A hard drive in the server became intermittently non-responsive since yesterday. This causes intermittent I/O overload which prevents ATR from accessing the database and respond to users' queries.
A replacement disk has been ordered, since I had no spares. It will be mounted within a week. No data is lost due to RAID1 replication and two-steps backups.
The culprit is a Seagate Barracuda LP 2TB, with 42,000 hours of uptime. We may agree that the drive is old enough, though I had Hitachi disks with twice the life.
|
|
|
Post by Admin on Mar 7, 2017 18:08:19 GMT 1
Down for DNS outage.
My DNS provider, Namecheap Inc, is having its regular "disservice as a service" outage phase. The ATR server won't be reachable until they fix my DNS.
|
|
|
Post by Admin on Mar 12, 2017 15:25:51 GMT 1
Down for halted routing
Following an upgrade to both Linux kernel and to LXC, the network routing rules stopped working without any warning nor me knowing. I realized this yesterday and finished fixing the routing this afternoon.
All is functional at the moment.
|
|
|
Post by Admin on Nov 22, 2017 3:24:41 GMT 1
Discovered DNS outage
One hour ago I accidentally discovered that the DNS serving this add-on has been nonfunctional for over two days and counting, rendering the backend server used by ATR unreachable by any client request during this time, including right now, as the issue is not yet solved nor solvable by my side of the cable.
I opened a support ticket with the DNS provider, namecheap.com, and now they are supposed to resolve this issue ASAP.

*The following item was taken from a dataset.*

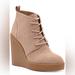 Jessica Simpson Shoes | Jessica Simpson Women's Mesila Wedge Bootie Ankle Boot | Color: Cream/Tan | Size: 9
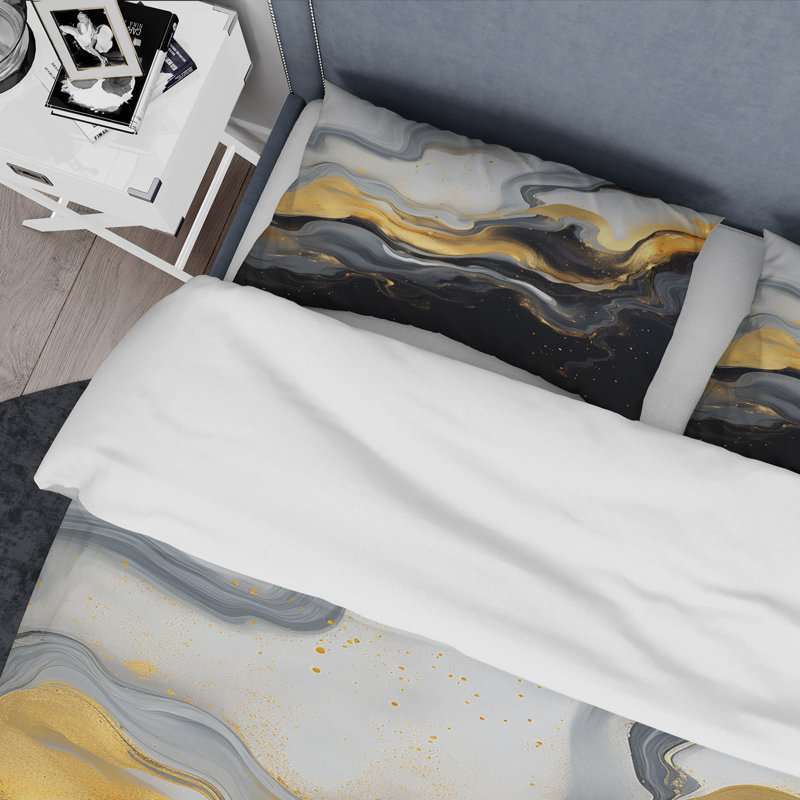 Ensemble de housse de couette en marbre doré et noir Essence V - Abstract Marble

As soon as the DNS returns functional, ATR will resume functioning with no further need for human intervention.
|
|
|
Post by Admin on Dec 7, 2017 23:27:02 GMT 1
Sorry for the additional hours of downtime today, I had to replace the fan of one CPU which caused overheat. After the fan was replaced, I got unexplainable software segfaults and memory corruptions. It turned out there was a dust particle struck between one of the RAM module pins and its motherboard socket. Apparently simply opening or manipulating the case was culpable.
This is the second time that debris causes me a malfunction; the first time was due to a tin particle from soldering wire causing a short between two leads of a PWM IC on the same motherboard. The tin piece was so small and light that likely entered the case by being sucked thru the air filter; the computer in fact sits on the floor of my workshop, and the dust can be too much at times.
|
|